The National Weather Service said there is no evidence that a tornado touched down in Carrabelle on Sunday.



When strong winds swept across his property downing limbs and trees on Sunday, Shawn Bunnell grabbed his 6-year old daughter and sheltered in a central bathroom. Jeff Fournier, a forecaster for the National Weather Service said Bunnell did the wise thing.



Bunnell said he did not see a twister but believed the pattern of damage in his Avenue J neighborhood indicated a small tornado had touched down.



The forecaster said his office didn’t receive any reports of tornadoes in Franklin County over the weekend and there was no evidence of cyclonic activity on radar. He said the National Weather Service issued a warning of possible strong winds and thunderstorms.



 “What we did receive were reports of trees and limbs downed by strong straight-line gusts all across the warning area,” said Fournier.



While no gusts stronger than 40 mph were recorded, Fournier said small severe disturbances known as microbursts are difficult to record because they are short and often on a very small scale.



Bunnell said falling limbs damaged a child’s plastic playhouse, dented his truck, scratched his car and flipped a carport in his yard.



Fournier said his agency received an unusual number of reports of damage to light structures like carports on Sunday.



On Monday, as rain continued to pour down, Bunnell said a crew from the Franklin Correctional Institution removed fallen limbs from the public right of way beside his yard and cut up trees in the public right of way.



 “In the summer you get microbursts you can’t predict,” Fournier said. “There are some days you can say they are more likely than normal.”



He said trees are more likely to fall when they are rooted in water-saturated soil.



Lightning reportedly damaged several television sets in the county and businesses in both Carrabelle and Apalachicola reported damage to computers, modems and credit card equipment. On Sunday, lights flickered in Eastpoint and on St. George Island, and parts of Apalachicola and Carrabelle were left without power for several hours. Cable service was cut for even longer in some areas.



In addition to strong winds, storms on both Sunday and Monday brought abundant lightning and pounding rain. On Sunday, about a half-inch of rain was collected in Rod Gasche’s rain gauge in Carrabelle.  On Monday, Gasche’s gauge collected just over an inch-and-a-half.

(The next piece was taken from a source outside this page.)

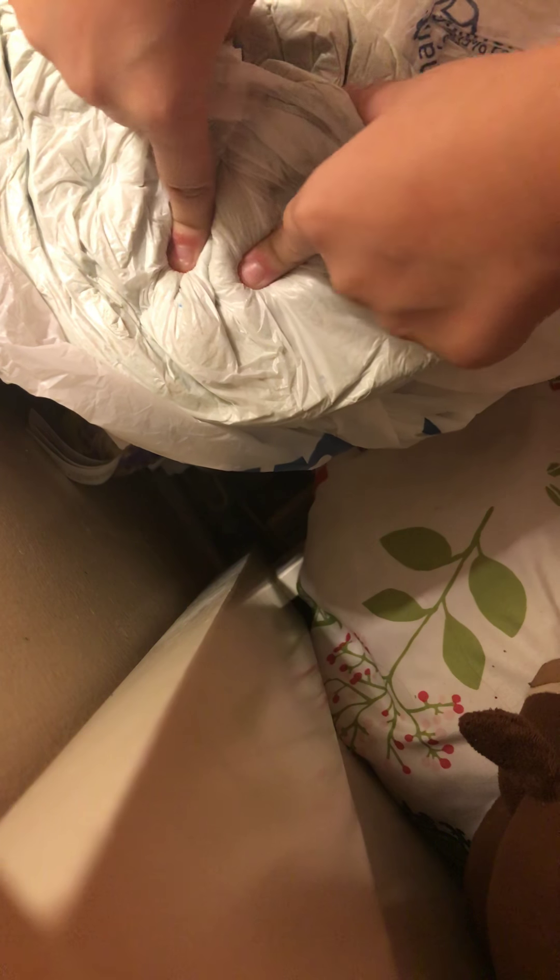I'm gonna put you guys kind of up here just so that you can see. So this is it right here. Looks good and everything - it's a good slime in the bag. You guys can see that I can put my finger in it, and my finger doesn't struggle to get put in.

Based on radar observations, Fournier said Apalachicola received at least an inch of rain, and an area one mile west of Apalachicola received nearly 3.5 inches.



The record for June 22 in Apalachicola, 3.33 inches, was set in 1942. So far, in 2014, Apalachicola has received 30.44 inches of rain, 7.4 inches more than the normal rainfall of 23 inches based on records from 1981 to 2010.